Des Kennedy's The Garden Club and the Kumquat Campaign (Whitecap, 210 pages, $16.95 paper) is, despite what its humdrum title might suggest, a West Coast quest novel. Joseph Jones, forty-three, a virgin ex-priest now living on Upshot Island, gets involved-largely against his own better judgement-in a trip of civil disobedience to save the Kumquat Sound rain forests, organized by a handful of the local garden club members, of whom he is one. His next-door neighbour, the fiery young Caitlin, urges him to come along, says his "soul-force" will be helpful. Because he's very much attracted to her, he goes.

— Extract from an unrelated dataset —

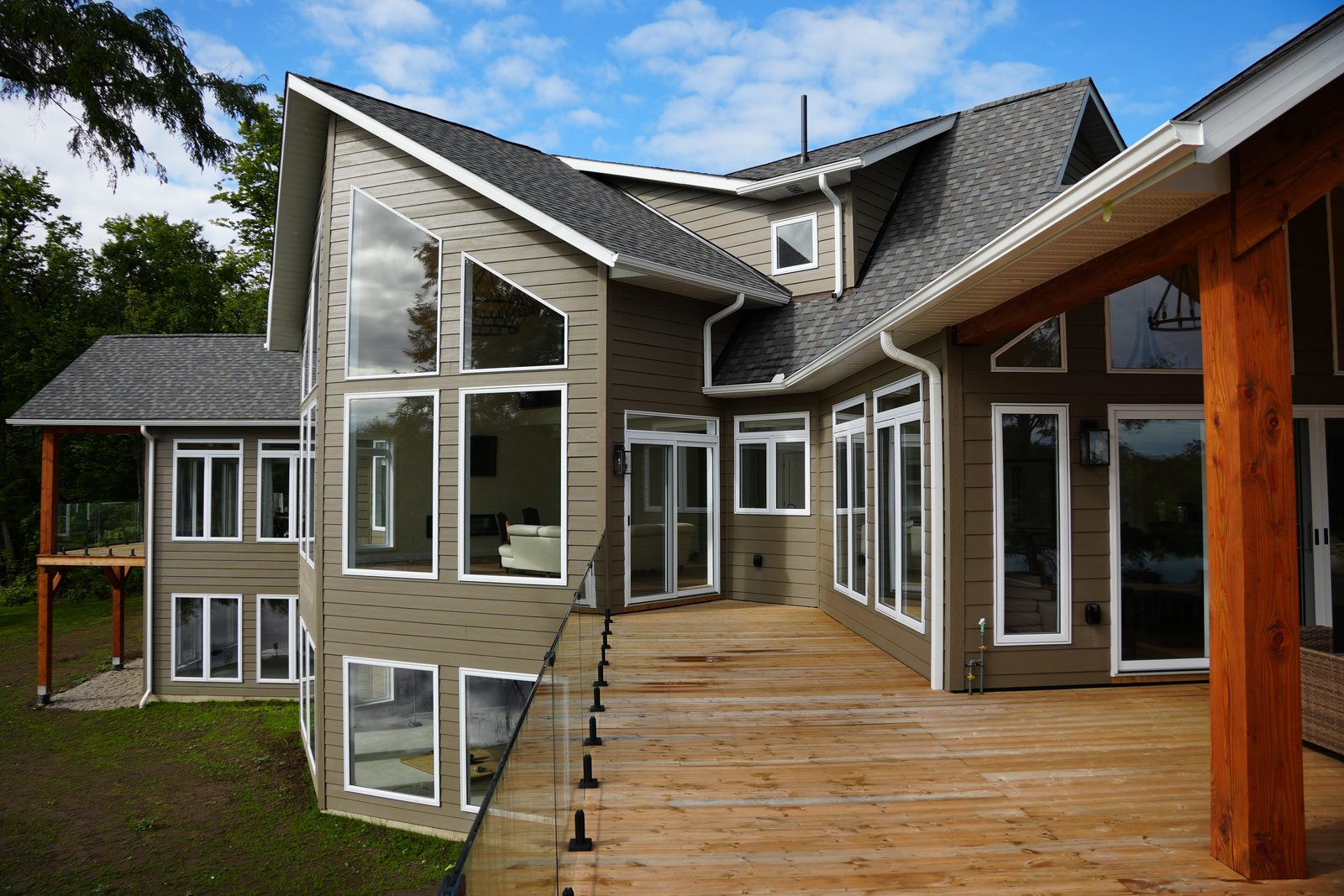 A steep gable wall on a finished lakeside home, mostly glass from the deck up to near the peak, with a glass-railed deck in front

Along for the ride is a bizarre supporting cast: the beautiful, enigmatic Mistral Wind, a Persian "mystic" whose visit to a garden club meeting sets the adventure in motion; Elvira Stone, who is convinced that her husband was abducted by aliens; PeeWee and Julia, a pair of married academics who spend their time writing lucrative romance novels under a pseudonym and sitting in their Jacuzzi; and the irrepressible, cantankerous, tobacco-chewing, continually cussing Waddy Watts, who at eighty-one has more integrity than the whole garden club put together.
Although generally light-hearted, the novel has an underlying seriousness. In a manner that is never boring or pedantic, Kennedy raises issues that are timeless, many of them dealing with matters of moral choice and justice: when to obey and when not to obey.